Ante esto, es importante llamar a las cosas por su nombre: profunda hipocresía es, y sin paliativos, el hecho de que mientras se criminaliza la protesta social como antidemocrática, se acelere la sumisión a instancias exteriores no democráticas, no elegidas y que no rinden cuentas a nadie. Los diversos organismos financieros que se están gestando en Europa, orientados a la llamada estabilidad presupuestaria, constituyen buenos ejemplos de este tipo de instituciones no democráticas, que presentan inquietantes rasgos de leviatanes económicos.
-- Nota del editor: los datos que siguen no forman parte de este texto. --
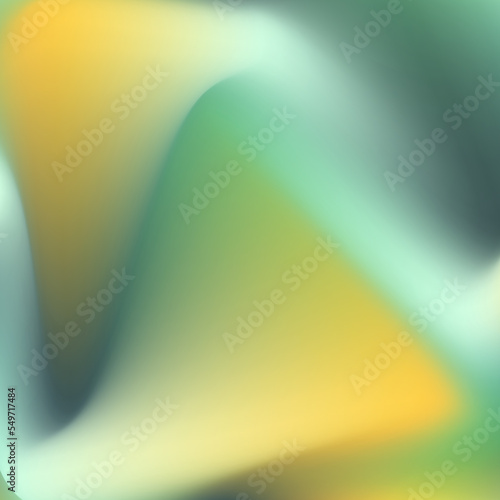 yellow mint green gradient abstract background. yellow mint green color nature happy background. Vector illustration. 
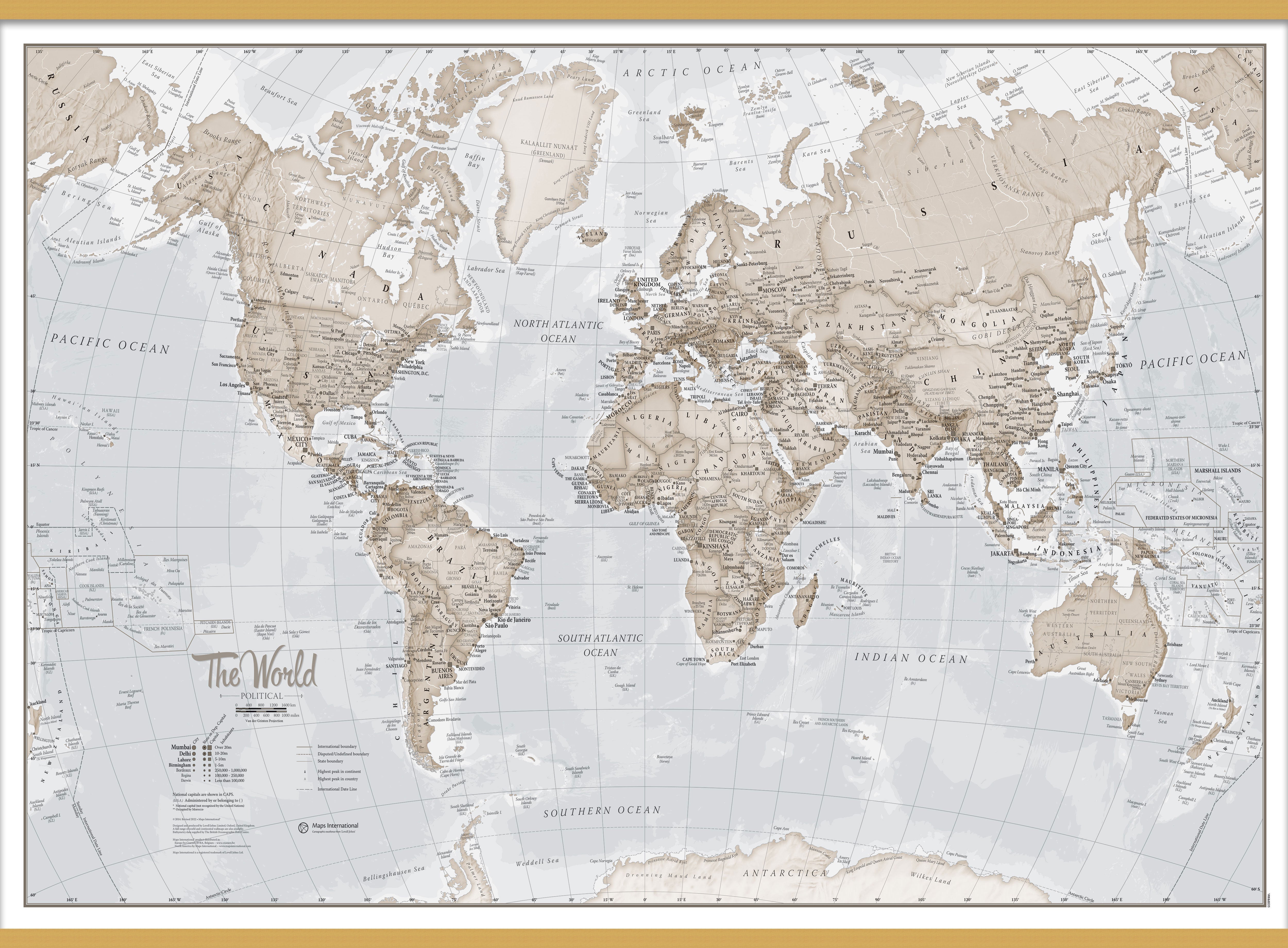 WM00275_H_LWDHB - The World Is Art - Wall Map Neutral
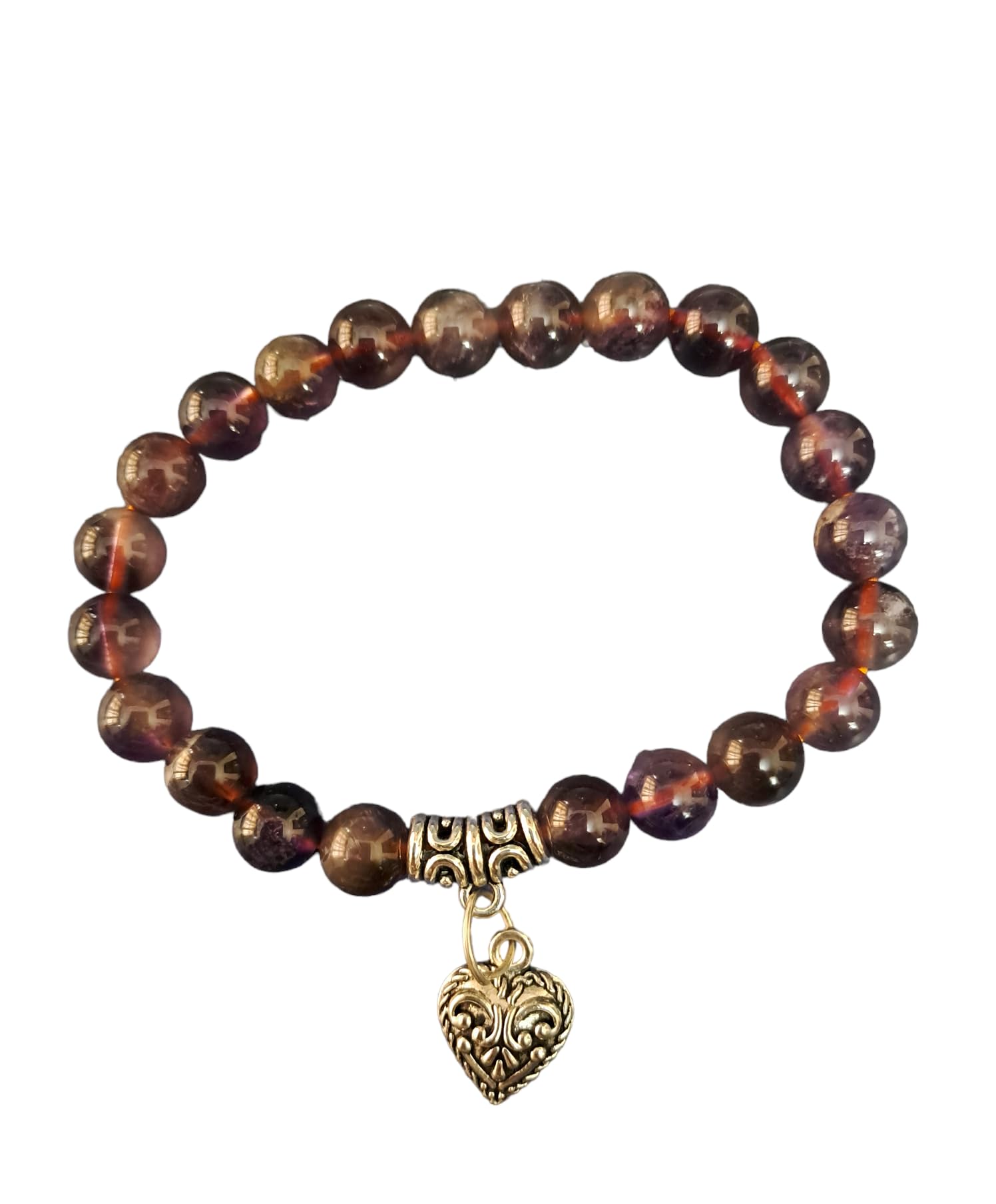 Natural Ametrine Crystal Bracelet for Women and Men - Original Healing Gemstone Certified Strechable Bracelet - IGL Jewels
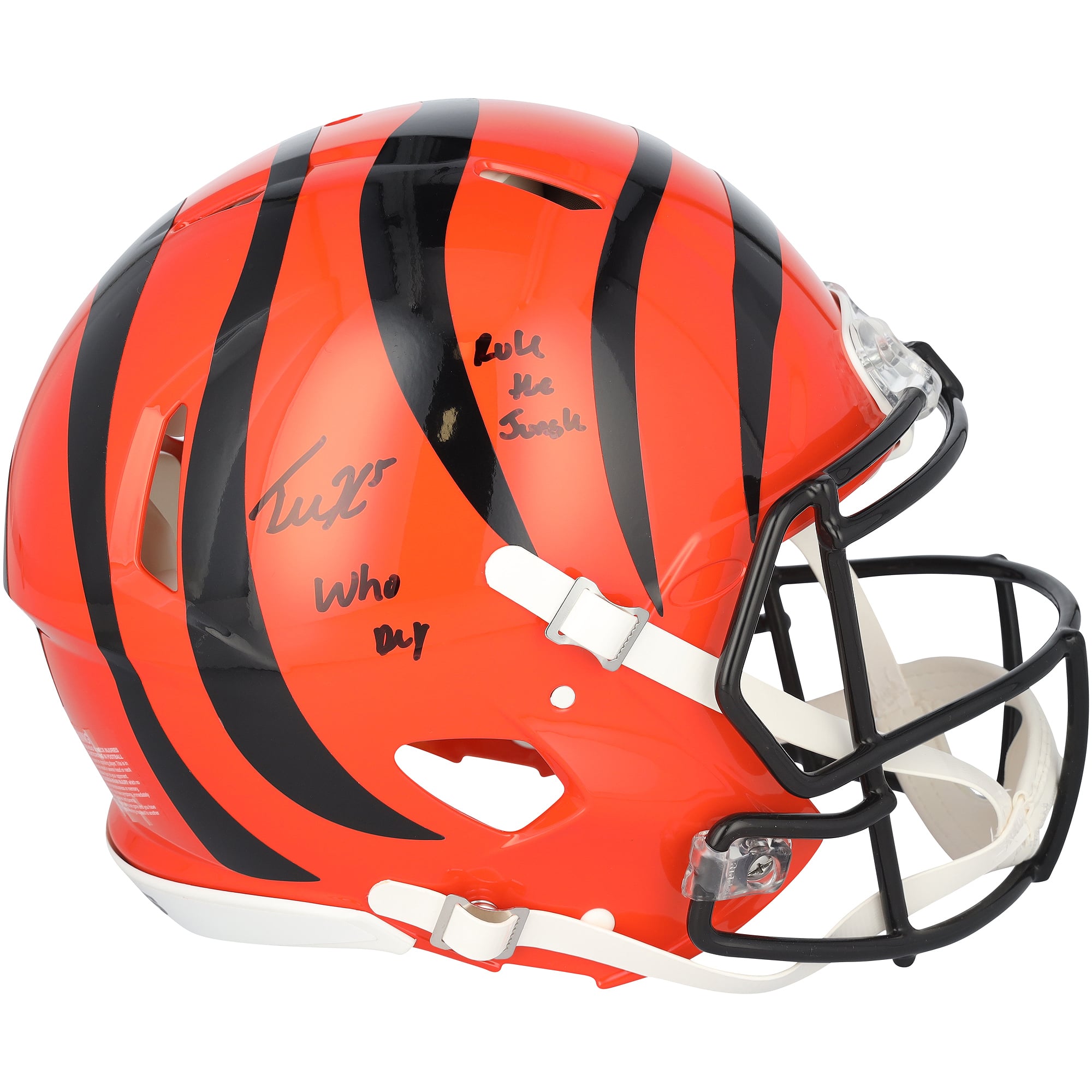 Tee Higgins Cincinnati Bengals Autographed Riddell Speed Authentic Helmet with Multiple Inscriptions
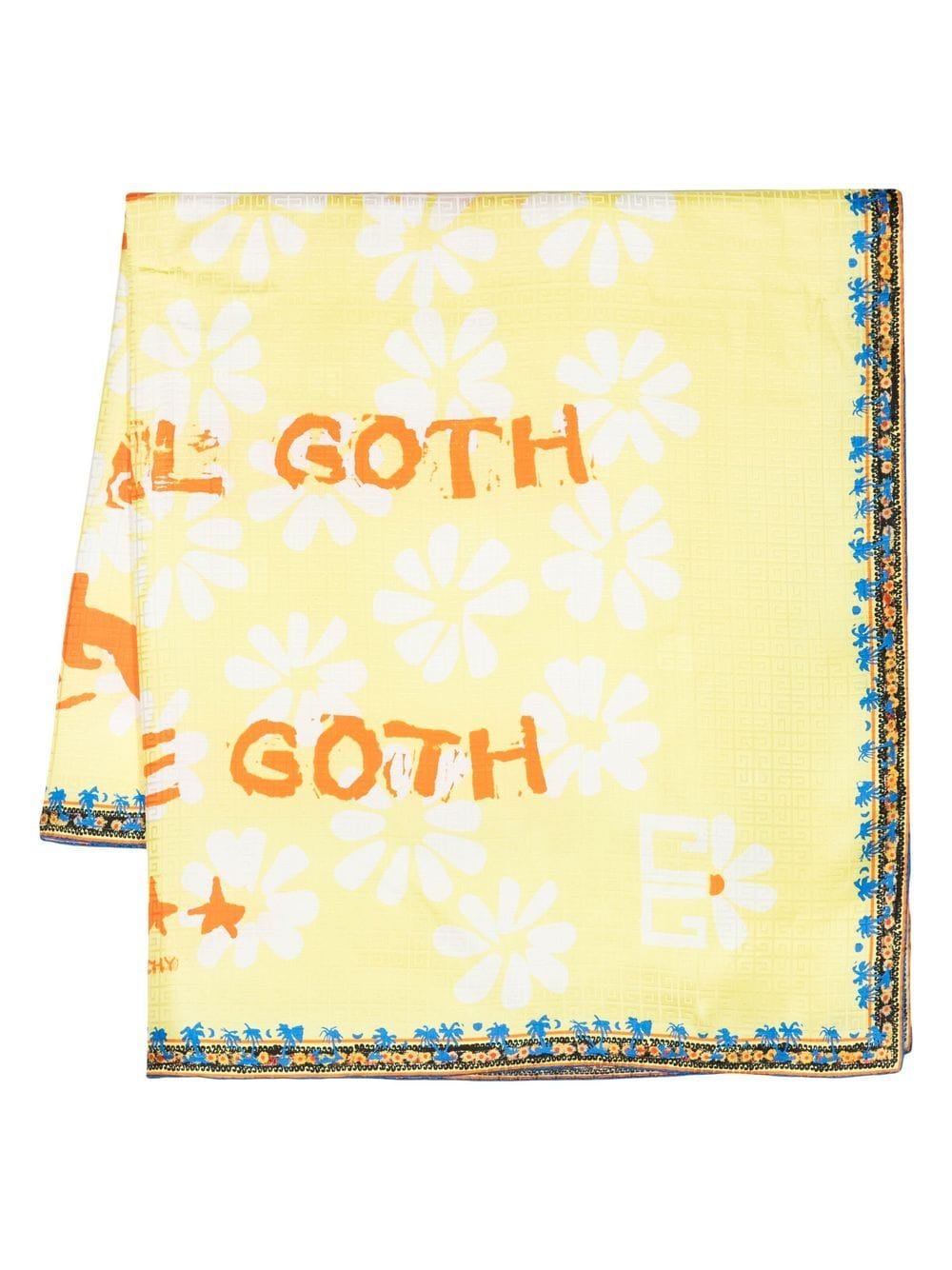 Givenchy Original Future Floral-print Scarf In Yellow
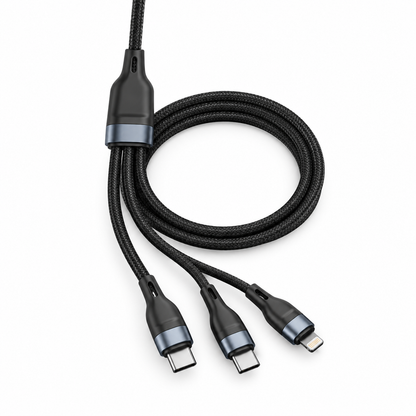 Go-Des 3-in-1 PD Fast Charging Data Cable – GD-UC802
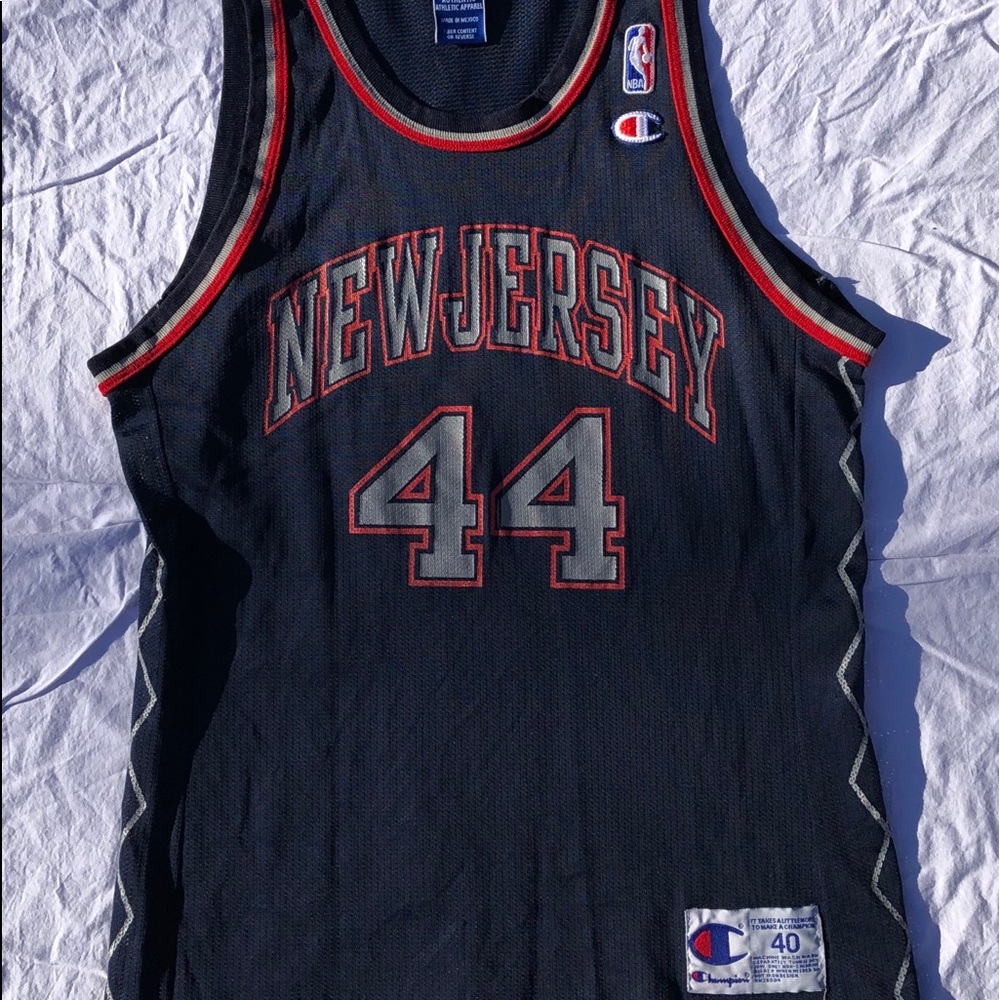 Vintage Champion Van Horn New Jersey Nets Jersey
En cambio, la manifestación de la ira justificada de quienes están sufriendo daños irreparables no es participación política, nos dicen, sino exabruptos antisistémicos o incluso actos protogolpistas. Ahora bien, cuando quienes están en el poder codifican de esa forma la expresión pública del malestar se avanza en una dirección antipolítica muy peligrosa y en un deterioro galopante de la vida pública. La historia es conocida: se empieza por ningunear la discrepancia de los gobernados y se acaba en una indistinción entre disidente y enemigo público, construyendo el hecho de la disidencia como ‘cuerpo extraño’ a la sociedad, que ha de ser extirpado.
Recientemente, partidos más o menos situados en la familia de las izquierdas han comenzado a hacerse eco de la tensión parlamento-calle y de la necesidad de escuchar esas voces de la alteridad política. Lo malo es que algunos parecen haberlo descubierto a última hora, justo cuando ya no están en el poder. Más vale tarde que nunca, es cierto, pero con matices. Una cosa es hacer autocrítica y otra caer en la cuenta, tarde, de que los gobernados contaban como ciudadanos y no solo computaban como votantes. Tienen por delante una travesía por el desierto para meditarlo con seriedad.
Sin necesidad de rendir cuentas
Vivimos un tiempo muy laxo en cuanto al valor de la promesa, incluida la promesa política, en la que tanto abundan los malos pagadores. Hoy en día, los gobernantes quebrantan incesantemente sus compromisos y programas electorales, para luego hacer proclamas a favor de la necesidad de grandes pactos. Los gobernados, en cambio, parece que hubieran de quedar aherrojados por su voto, sin otra posibilidad reconocida de acción política y sin que sea necesario ni siquiera rendirles cuentas de lo hecho y, sobre todo, de lo no hecho.
Ahora bien, en cualquier sistema donde el Gobierno no sea mera expresión de la fuerza, el pueblo se compromete, por la promesa o pacto, a ser gobernado, aunque con un matiz esencial. El pueblo cede, pero no entrega, su soberanía a los representantes, a los cuales les concede solo el poder de ejecutarla. Porque si la vida política es algo más que votar, votar es algo más que colocar a unos o a otros en el poder. Es cierto que una impugnación constante de los representantes elegidos no hace posible la gobernabilidad pero tampoco es aceptable el otro extremo, desatender sistemáticamente la protesta y considerar la promesa ciudadana que se expresa en el voto como un yugo inamovible.
Esa promesa política es una cesión temporal, condicionada al cumplimiento de las condiciones pactadas. Justamente porque lo que distingue un vínculo de una cadena es esa capacidad de mantener o revisar las promesas con arreglo a buenas razones, que han de ser explicitadas de un modo debatible. Si esos políticos que tanto se jactan, en todas las escalas, de haber conseguido mayorías, no tienen inconveniente en quebrantar sus promesas electorales, tampoco deberían rasgarse las vestiduras cuando los gobernados no desean ser subyugados por una promesa que, a fin de cuentas, puede haber perdido su sentido.
Y menos aún arrogarse la facultad ventrílocua de hablar por el pueblo a través del poder del número. Muchos de nuestros dirigentes ignoran que, a diferencia del Estado absoluto que concibió Hobbes, en una verdadera democracia las promesas arrancadas por el miedo no son válidas y los pactos no se mantienen por la fuerza de la espada. Es hora de que todos cumplan su palabra.